1/8/2019: The Widows by Jess Montgomery
One of my great literature loves is historical fiction, and I just didn’t get enough of it in 2018 so this one looks great! It’s a novel set in 1924 about a man named Daniel Ross, who is killed transporting a prisoner. After his death, his wife is contacted by another widow who wanted to speak with Daniel about her missing daughter.
1/15/2019: The Orphan of Salt Winds by Elizabeth Brooks
This is another good historical mystery. In England in 1939, a girl goes to her new home to meet her new adoptive parents. A plane crashes, and something horrible happens that haunts her for the rest of her life. The main character returns 75 years later to try to come to grips with her experience.
2/5/2019: Black Leopard, Red Wolf by Marlon James
This has been described as the African Game of Thrones, and while I wasn’t a huge GoT fan, this book sounds incredible. The main character, Tracker, is a mercenary who is hired to find a missing child who disappeared three years ago. However, it quickly becomes clear that there’s something wrong with this mission.
2/12/2019: The Beast’s Heart: A Novel of Beauty and the Beast by Leife Shallcross
This is yet another Beauty and the Beast retelling, and I just can’t resist them. This sounds interesting, though – it is told from the perspective of the Beast, and unlike some of the recent versions, it sounds like it won’t sugarcoat the Beast’s terrible choices, so I’m sure I’ll try it.
3/5/2019: Dealing in Dreams by Lilliam Rivera
It’s not entirely clear to me what’s going on in this book but I want to read it anyway! This is a dystopian novel about a girl named Nalah who is a member of an all-girl gang. I’ve been on a bit of a dystopian/post-apocalyptic kick lately, so this one will fit that nicely.

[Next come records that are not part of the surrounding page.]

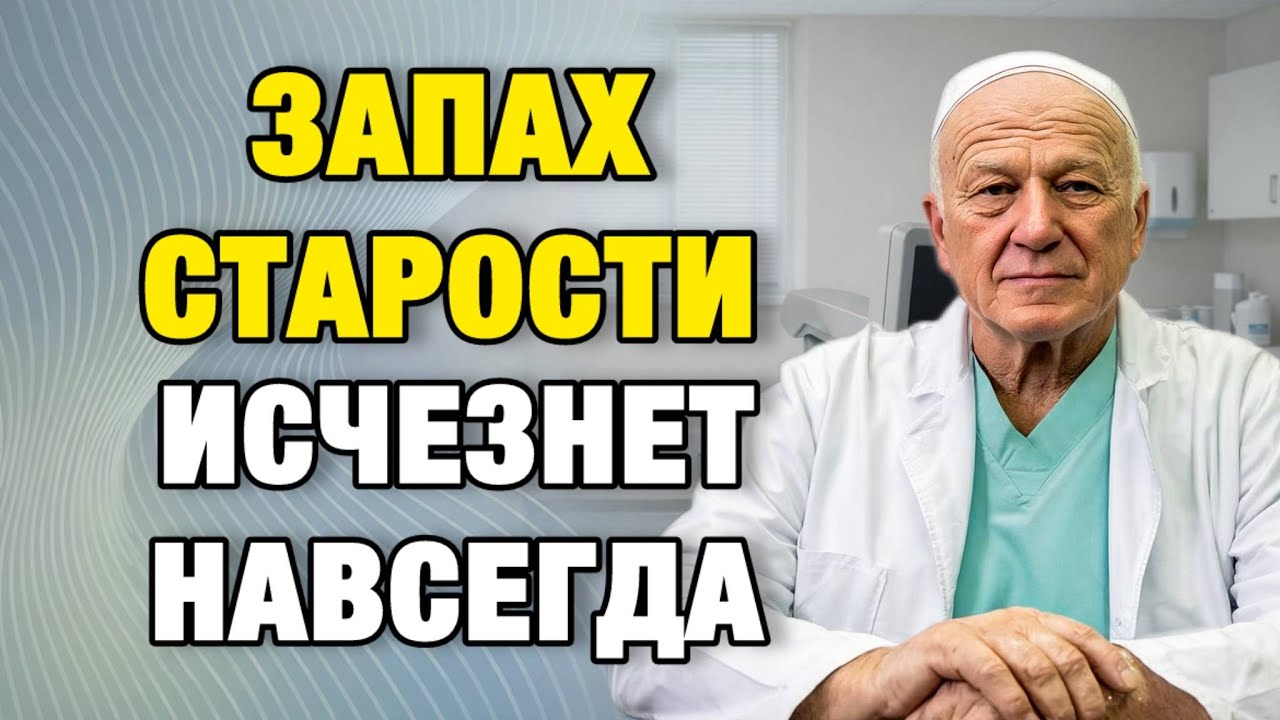 Эта простая привычка полностью убирает запах старости!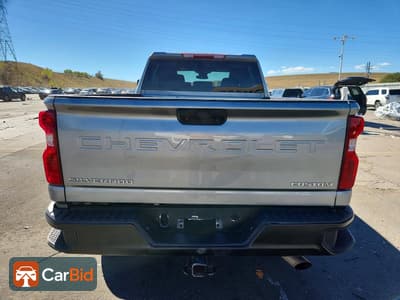 2024 CHEVROLET SILVERADO K2500 CUSTOM, фото 6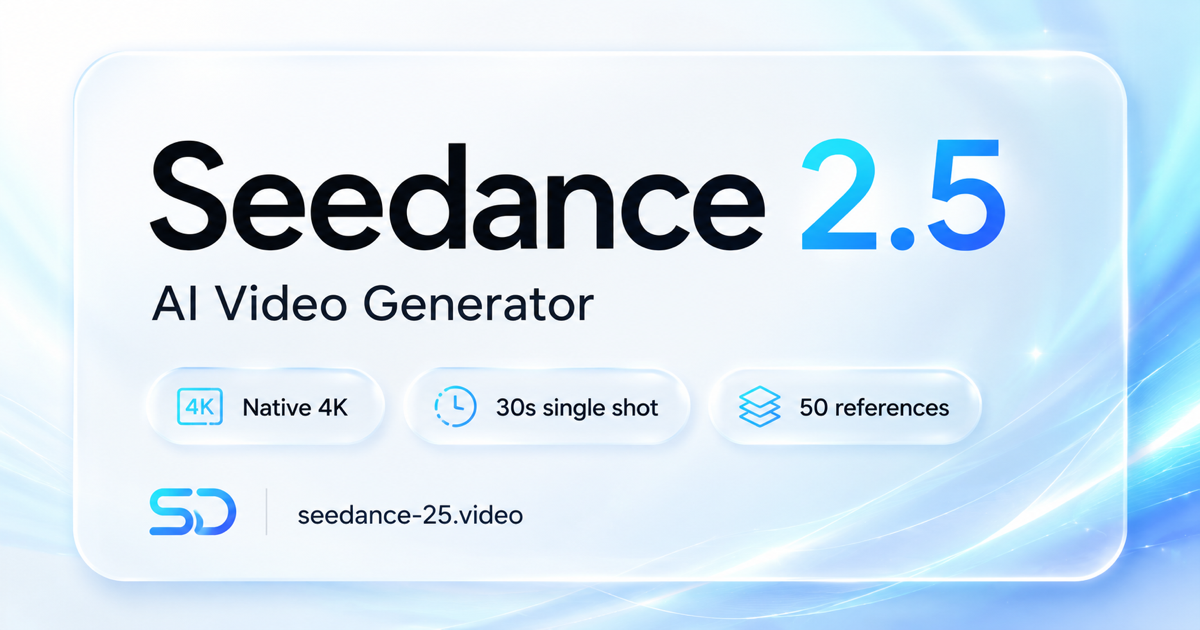 Seedance 2.5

3/5/2019: Gingerbread by Helen Oyeyemi
In Gingerbread, the main character Perdita and her mother Harriet make gingerbread that they sell to Druhastrana, the land of Harriet’s youth. There’s a lot to unpack with Harriet, though – Druhastrana appears to be a made-up country, and Harriet’s best friend Gretel Kercheval is more than she seems. When teenage Perdita sets out to find Gretel, she learns that Harriet and Gretel have been keeping secrets.
4/2/2019: Lost and Wanted by Nell Freudenberger
It’s not often that combines my love of science as well as the supernatural, but this book seems to do that! The main character, Helen, is a physics professor who is a firm non-believer in all things supernatural. After her best friend passes away, though, it seems as though Helen is being haunted by her friend’s ghost.
5/7/2019: The Bride Test by Helen Hoang
Most books, both fiction and non-fiction, that talk about autism are told from the perspective and for the benefit of neurotypical readers. This is one of the few outliers: the male love interest is on the autism spectrum. I think this is a romance, which usually isn’t my genre, but I’m definitely going to try this one.
5/29/2019: The Witches Are Coming by Lindy West
One of my goals this year is to read more non-fiction, and this one is at the top of my reading list. This is a book about how pop culture is created by and for white men, and how that has encouraged men to set unhealthy, unrealistic expectations.
6/11/2019: Recursion by Blake Crouch
Ok to be totally honest, the thing that drew my attention to this book was the title. Back in the day when I did way more programming, I was a total abuser of recursion – I used it for everything I could because it made me laugh to put people in loops. But this book does still sound good. The main character is investigating strange experiences of people waking up to find their lives drastically different from when they fell asleep the night before.